研究課題
染色体の正確な分配を制御している重要因子としてLats1/2とGAKという中心体キナーゼに着目し、その異常が引き起こす染色体不安定性の分子統御機構について新規な3つのシグナル伝達経路の提唱を基盤として解明することを本研究の目的とする。研究はほぼ計画どおり順調に進み、本年度は以下の研究成果を得た。 1)Aurora-A-Lats1/2-Aurora-B(ALB)経路:Lats1/2の新たなリン酸化標的を同定した。一方、N末端領域が欠損したLats1蛋白質を発現するLats1-ΔNノックアウト(KO)マウスを作製し、これに由来する細胞(MEF)においてDNAマイクロアレイ解析を行ったところ、Lats2の発現が顕著に減少し、そのリン酸化標的であるYapが異常に安定化して核移行することを見出した。このMEFは、中心体の過剰増幅と染色体分配異常、細胞質分裂の異常を引き起こし、この細胞をヌードマウスに皮下注射すると腫瘍を形成した。2)Chk1-Lats2-14-3-3-P-body (CLP) 経路:DNA損傷に応答して活性化したChk1キナーゼがLats2の新たな部位をリン酸化し、活性化したLats2がCdk阻害因子p21をリン酸化してアポトーシスを引き起こす新たな経路を見出した。3)GAK-PP2A-B'γ-Chk2 /CondensinII (GBC) 経路:Cyclin G1、Cyclin G2およびダブルKOマウスがDNAアルキル化剤である発癌剤に対して抵抗性を有していることを見出した。また、放射線照射後のCyclin G2 KOマウス由来のMEFにおいて、DNA修復関連因子であるγH2AXの脱リン酸化が顕著に遅延することを見出した。すなわち、Cyclin G2/PP2A B'γ複合体が放射線照射後のDNA修復の完了に重要な役割を果たしていることを示唆している。
1: 当初の計画以上に進展している
本研究計画の一つであるALB (Aurora-A‐Lats2‐Lats1‐Aurora-B) 経路の分子メカニズムの解明に繋がる成果としてLats1のノックアウトマウスの作製と解析からLats1/2が染色体不安定性の抑制と腫瘍形成の抑制に重要であることを見出し、学術論文に発表することができた。この研究成果はJ. Cell Sci.誌のIn This Issueにも選択され注目された。また、この他にCLP経路に関する論文のうち1報が現在リバイズ中で、GBC経路に関する論文のうち1報もリバイズ中である。実験は予定以上に順調に進んでいる。

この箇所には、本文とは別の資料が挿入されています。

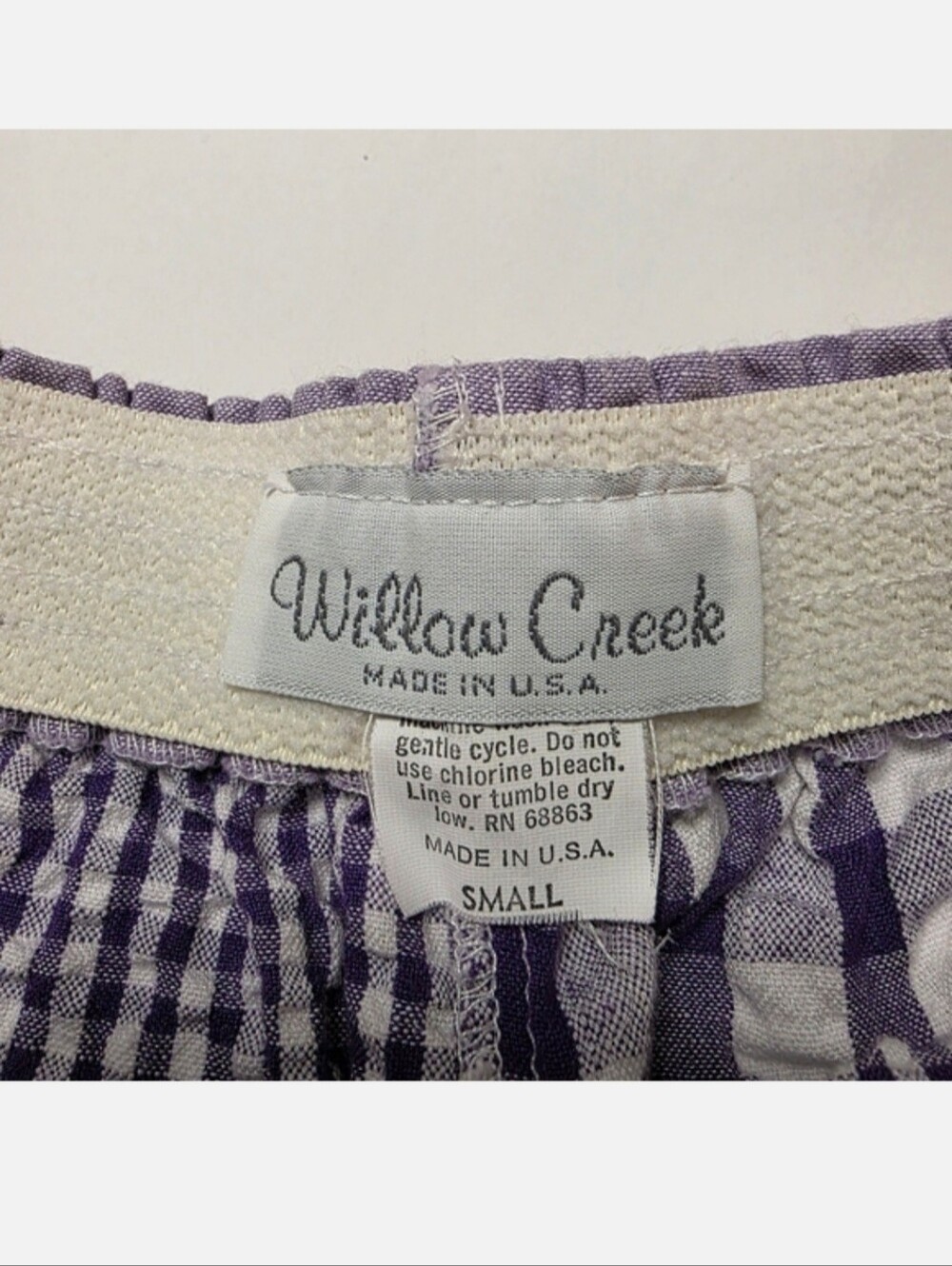 Willow Creek Pajamas Shirt & Shorts Loungewear Sleep Set Purple White Size Small - Picture 7 of 8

今後も研究計画どおり推進し、ALB経路、CLP経路、GBC経路の詳細な解析を続けていく。より詳細な分子機序を解明するために、質量分析などを活用してLats1/2およびGAKの結合因子あるいはリン酸化標的因子を同定していく。抗がん剤として有望なGAKを標的とする生理活性物質の同定も試みる。